90 Minuten diskutierten gestern Schüler der Realschule Broich, des Gymnasiums Heißen, der Gustav-Heinemann-Gesamtschule und des Berufskollegs Lehnerstraße mit Fachleuten über „Leben und Arbeiten in Europa“. Die Mülheimer Wirtschaftsförderung und das lokale Büro für Städtepartnerschaften hatten dazu geladen. Rund 400 Schüler von den drei Mülheimer Europaschulen, das Berufskolleg befindet sich im Bewerbungsverfahren, nahmen daran teil – und stellten kritische Fragen, wie: Warum sollte ich Deutschland verlassen und in einem anderen Land mir Arbeit suchen, wo vielleicht vor meiner Haustür Mülltonnen brennen, wo die Arbeitslosigkeit wächst und das Land vielleicht pleite geht?
Europäischer Gedanke steht dem Heimatgedanken nicht entgegen
Die Experten aus Politik, Wirtschaft und EU-Vertretungen betonten dennoch die Chancen, die Auslandsaufenthalte böten, dabei gehe es nicht nur um Sprache, sondern um Qualifizierung schlechthin, von der man in der Regel im eigenen Land wiederum profitiere, wie Ulrich Turck betonte. Generell gelte für ganz Europa: „Bildung ist der entscheidende Schlüssel für alle Jugendlichen“, so Dr. Marc Jan Eumann.
Dr. Stephan Koppelmann warnte davor, nur das von Medien verbreitete Bild von Europa zu sehen. Das sei immer nur ein Ausschnitt, der oft Bedrohliches beinhalte. Drumherum gebe es viel Gutes.
Untersuchungen zeigen, dass sich immerhin 60 Prozent der Deutschen als Deutsche und Europäer fühlten – ein guter Wert, so sehen es die Fachleute. Wobei OB Dagmar Mühlenfeld betonte, dass der europäische Gedanke keineswegs dem Heimatgedanken entgegenstehe: Beides lasse sich verbinden – Broich und Brüssel.

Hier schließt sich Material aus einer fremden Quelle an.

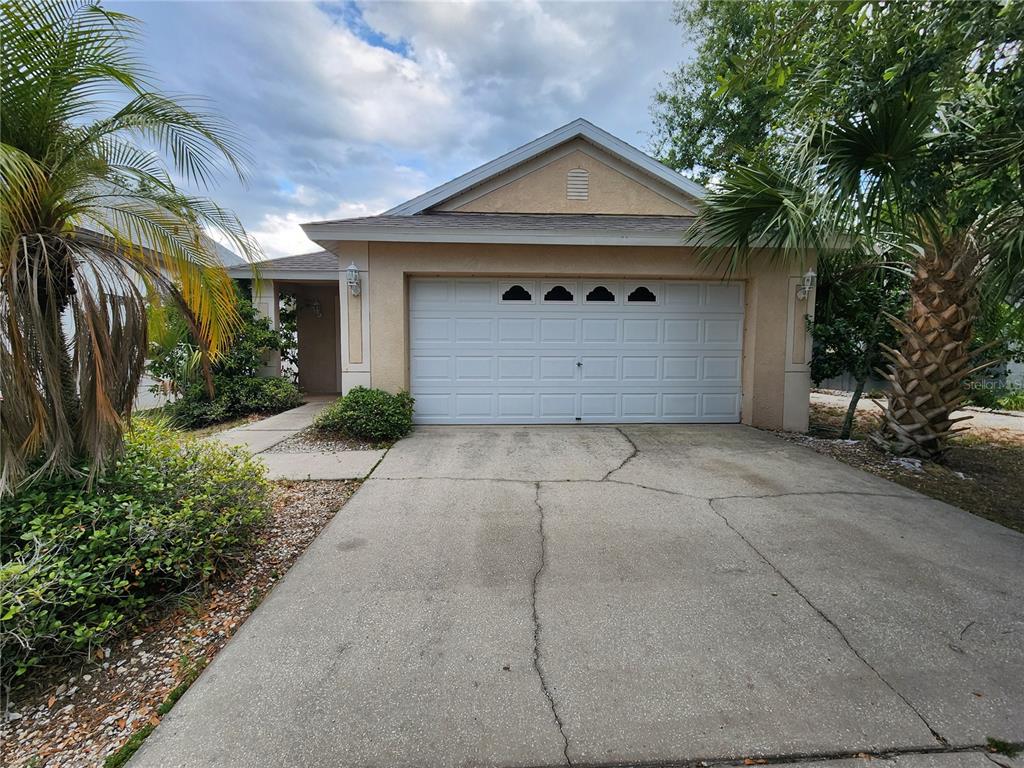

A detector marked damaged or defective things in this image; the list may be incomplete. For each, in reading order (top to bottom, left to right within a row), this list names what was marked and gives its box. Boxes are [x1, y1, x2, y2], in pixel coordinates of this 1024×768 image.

driveway crack [600, 426, 640, 480]
driveway crack [532, 484, 572, 764]
driveway crack [708, 496, 948, 748]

Europäisches Bewusstsein fördern
Was könnte Schule leisten, um ein europäisches Bewusstsein noch stärker zu fördern? Die Frage der Schüler drehten die Vertreter des Podiums um: Sagt Ihr uns, was Ihr für sinnvoll und wünschenswert haltet und tragt es an uns heran! Die OB lud die Jugendlichen ein, an internationalen Kongressen in Mülheim teilzunehmen, um Europa noch besser verstehen zu lernen. Koppelmann legte den Schülern das Eures-Programm ans Herz, wo täglich europaweit Ausbildungs- und Stellenangebote abgefragt werden können. „Wir wollen keinen zu etwas drängen, aber auf die Chancen hinweisen, die Europa bietet.“
Die Einwanderung von Rumänen und Bulgaren sprachen die Schüler an und die damit entstehenden Probleme für die Städte. Das seien klassische Armutsflüchtlinge, sagt Walter Leitermann und wünschte, dass sich die Europäische Kommission hier sehr wohl mal in die Kommunen einmische und Hilfe anbiete. Ein Einwanderungsgesetz wünschte sich OB Mühlenfeld und dass Migranten, die länger bleiben, auch an kommunalen Entscheidungsprozessen teilnehmen können. Eine Bitte richtete das Plenum an die Schüler: Nehmt Europawahlen ernst!
Die Diskussionsteilnehmer:
Dagmar Mühlenfeld, OB und Vizepräsidentin der Deutschen Sektion im Rat der Gemeinden und Regionen Europas (RGRE).
Walter Leitermann, Leiter des Europabüros des Deutschen Städtetages in Brüssel.
Dr. Marc Jan Eumann, Staatssekretär im NRW Europaministerium.
Ulrich Turck, Geschäftsführer der Hans Turck GmbH und Co. KG mit Sitz in Mülheim und weltweit über 3000 Mitarbeitern.
Dr. Stephan Koppelberg, Leiter der Regionalvertretung der Europäischen Kommission in Bonn.
Die Schüler: Dana Dost, Realschule Broich; Moritz Fries, Gustav-Heinemann-Gesamtschule und Kahlil Kassem, Berufskolleg Lehnerstraße.
Andreas Heinrich, Moderator und Leiter WAZ-Lokalredaktion.